I sighed. “No, right now I would probably want to hang you myself, but that’s not going to accomplish anything.”
“Do you want me to dr–”
“No!” I turned on the radio and the gentle sounds of jazz filled the car. By the time we stopped for dinner outside of Shreveport, I was able to laugh about the situation a bit. I also decided that we were close enough to Dallas that there was no way that Tim could get lost.
Tim reached for the CD changer. “Where is that disco CD?”
“I’ll find it for you,” I said, putting his hand back on the steering wheel. “Just keep your eyes on the road.”
I settled back into my seat. I was exhausted, but I didn’t dare fall asleep. I had this eerie feeling that once the left shoe had dropped, it wouldn’t be long before the remaining shoe did, as well.
The right shoe dropped about 90 minutes later just outside of Longview, TX. As soon as I saw the flashing blue lights behind us, I realized that Donna Summer’s “I Feel Love” was playing again. I told Tim to pull over. Tim kept on driving, his hands white-knuckled on the steering wheel, while he stared into the rear-view mirror.
“Tim, pull over!”
“Jef, I am a little black man in the middle of nowhere in the South! This is how we disappear!” I had never been confronted with this side of my friend before. I didn’t know what else to do, so I slapped him across the face. Tim let out a yelp and braked, while I grabbed the wheel.
We managed to pull over on the side of the road without wrecking the car. Tim fidgeted in the seat. As we heard the highway patrol car stop behind us and the door open, Tim turned to me and whispered, “Please tell everyone to remember me laughing, never the tears.”
“Relax,” I said. “The highway patrolman is black.”
“That’s even worse,” Tim hissed.
“Because they’re always trying to look good in front of the white cops,” Tim said.
Before I could argue with Tim, the highway patrolman was beside us and asked for Tim’s driver’s license. As Tim made a great show of looking for his ID, I now understood what that this was really about.
“Where’s your driver’s license,” I whispered.
“You know, officer, I think I may have left my ID at the club last weekend,” Tim said.
I rubbed my temples. Why would anyone knowingly agree to help someone drive a car 800 miles across three states if he knew he didn’t have a driver’s license, let alone speed!
I snapped out of my self-pity, though, when I heard Tim’s voice getting louder. He was arguing with a cop. My mind raced ahead and pictured Tim grabbing the officer’s pistol, followed by them struggling left, right, left, before the gun went off and shot me between the eyes. I realized that the patrol car probably had a video camera in it, and the last few minutes of my life would end up on COPS. I decided that I was not ready to die in an effort to promote bad television.
I leaned across Tim. “Officer, I apologize. I didn’t realize that my friend didn’t have his driver’s license, or I would have never let him drive. We’re on our way to drop my car off to my parents outside of Forth Worth. Obviously, I’ll take it from here.”
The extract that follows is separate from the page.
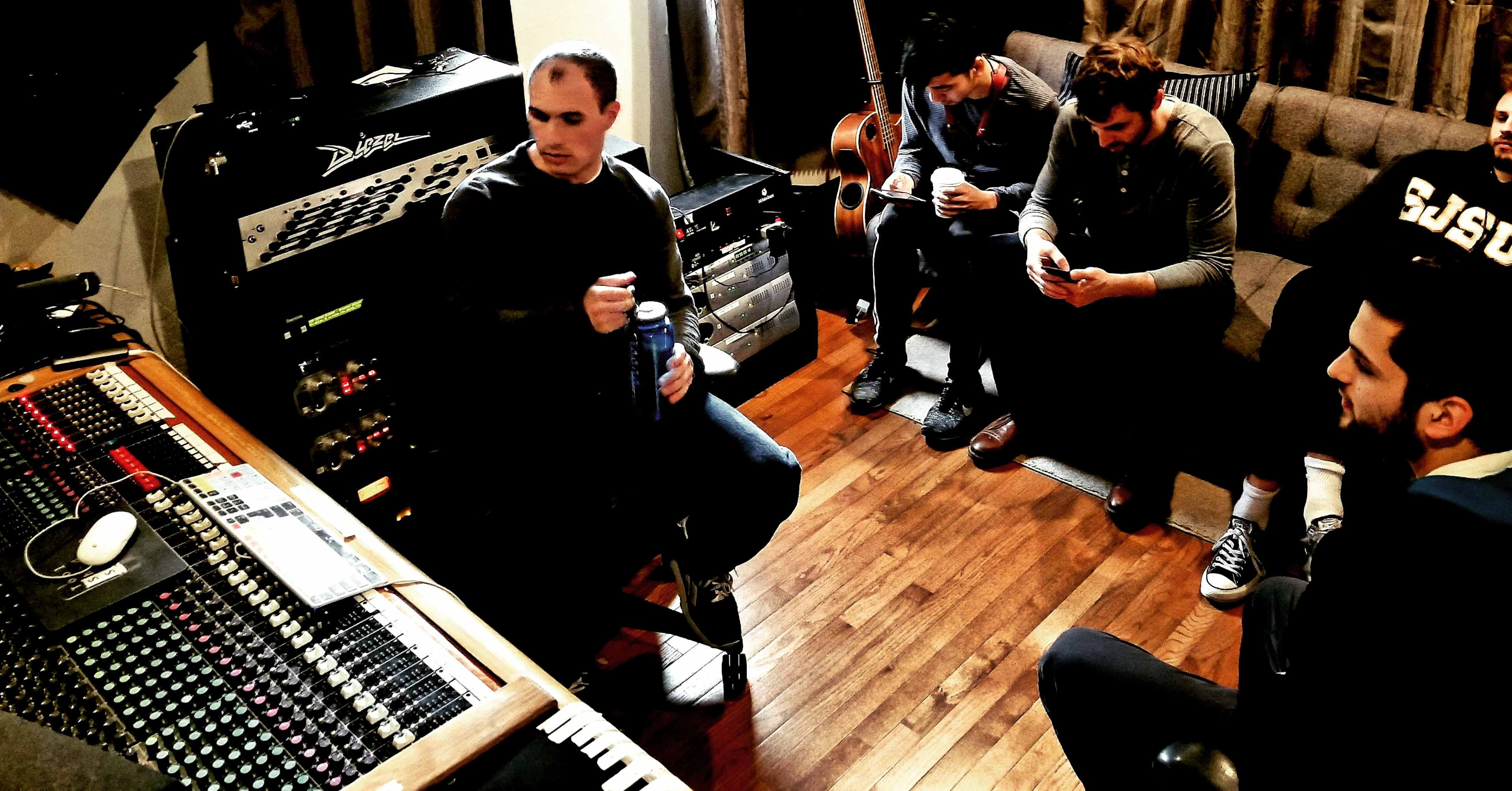 A group of four men sits in a recording studio, with one man speaking while others listen and engage with their phones.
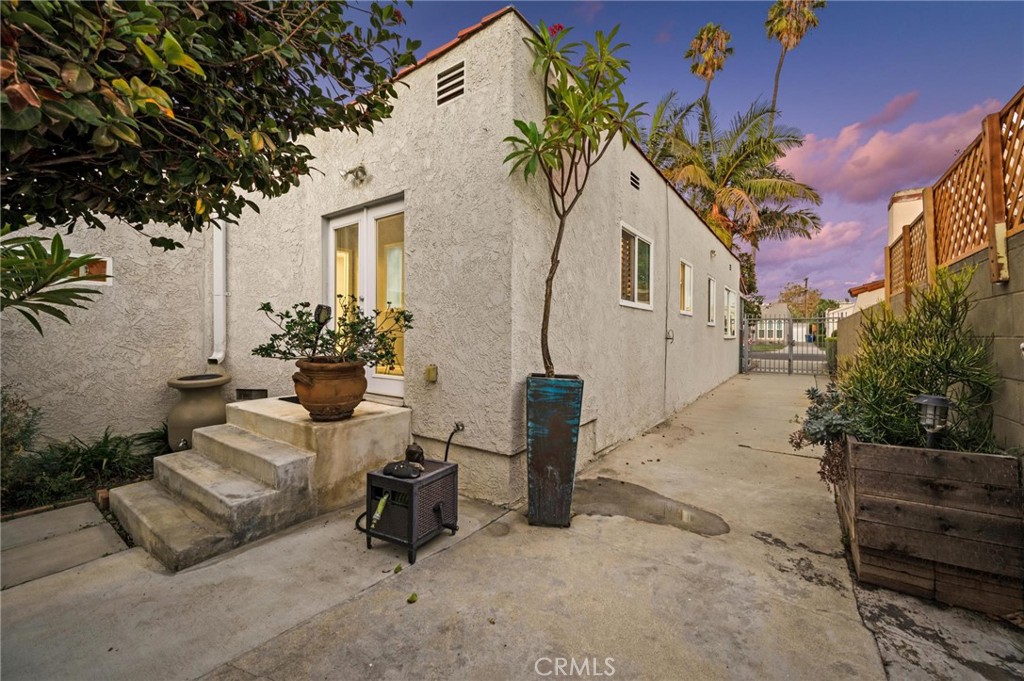 3441 Virginia Road Los Angeles, CA 90016 - Photo 31 of 40 a view of a patio with couches and a table and chairs under an umbrella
A few minutes later, after I managed to talk the highway patrolman out of giving Tim a ticket, I counted up the hours in my head that I had actually ended up driving with Tim helping me: 17 hours. That was four more hours than if I had just driven myself.
“Can we hear that Donna Summer song again?” Tim asked.
“No,” I said, brushing his hands away from the radio. By this point, I was pretty sure that Donna Summer shared the blame, too.